RE:RE:Should CJ Be Interested In GXE?Okay the market cap is $235M but you won't get it at face value so $275M to buy them up if they agree to a 20% premium and then at your $40M FCF forecast 2 years to pay that off. No new shares issued and a .01 cent div increase to CJ share holders bringing it up to $.07 per month or $.84 per year making the yield just over 11% per year. Oddly enough GXE has over 1.5 times more shares than CJ so the div hit isn't even as bad as going back to the whole penny per month.
I am not sure I like the idea of a partner over eating it all and selling off the the parts that don't fit, if any, to someone else.
You are looking at quintupling the debt for roughly a one fifth revenue increase. 2 year payout seems good though and that is without an asset sale.
But would GXE shareholder's or even management approve it? I guess CJ could float it first.
GLTY and all
JayBanks wrote: Could we not pick up all of GXE and maybe split it with someone else just taking on the areas that work well with us? Lower the acquisition costs, premium or no premium... and I'd rather take it on debt than shares...
I have no real interest in being debt free unless there is no sensible acquisition opportunities.

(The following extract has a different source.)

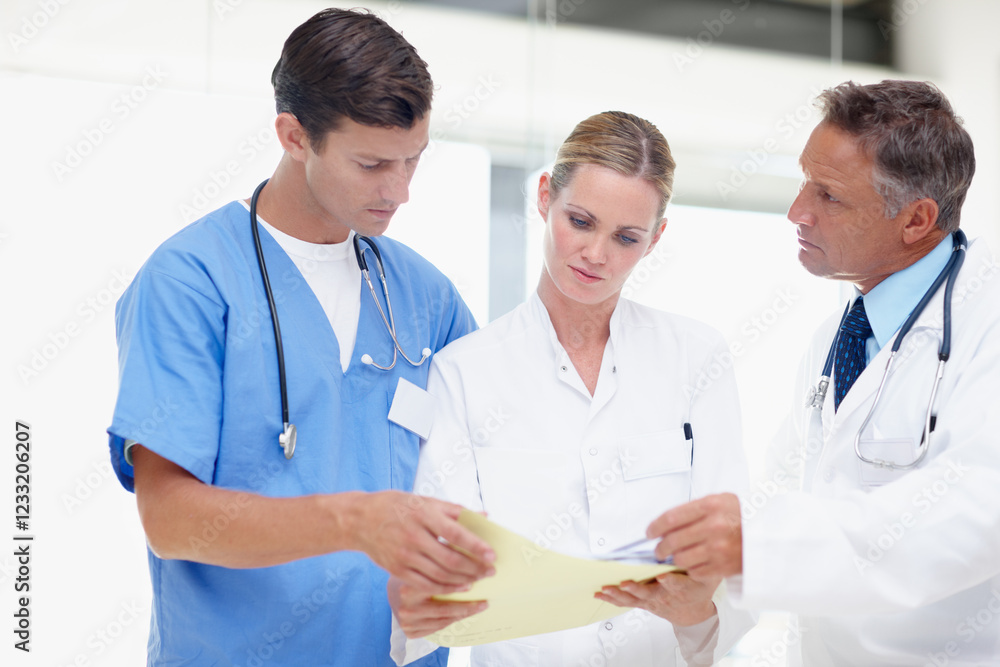 Doctors, research and files with people in hospital for patient treatment plan, consulting and healthcare. Diagnostic advice, medical intern and nurse with men and woman in clinic for test results Doctors, research and files with people in hospital for patient treatment plan, consulting and healthcare. Diagnostic advice, medical intern and nurse with men and woman in clinic for test results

I like leverage that makes sence, let the experts of the company use thier expertise in growing my investment here... I'll pay the bank a cut if I can make a higher return rate, the safety of being in a debt free position is overrated. Being debt free means you have no better ideas for growth.
We could up our production number, and with our FCF it wouldn't take long to eat that debt (I'm seeing $235M market cap currently), we are likely going to see 20-30M free cashflow go to just our debt at this $85-90/Oil... up the dividend a penny (as that's what they were paying monthly at a lower oil price) and if thier lands are any good maybe we can crush 25-40M FCF to the debts per quarter from the extra production.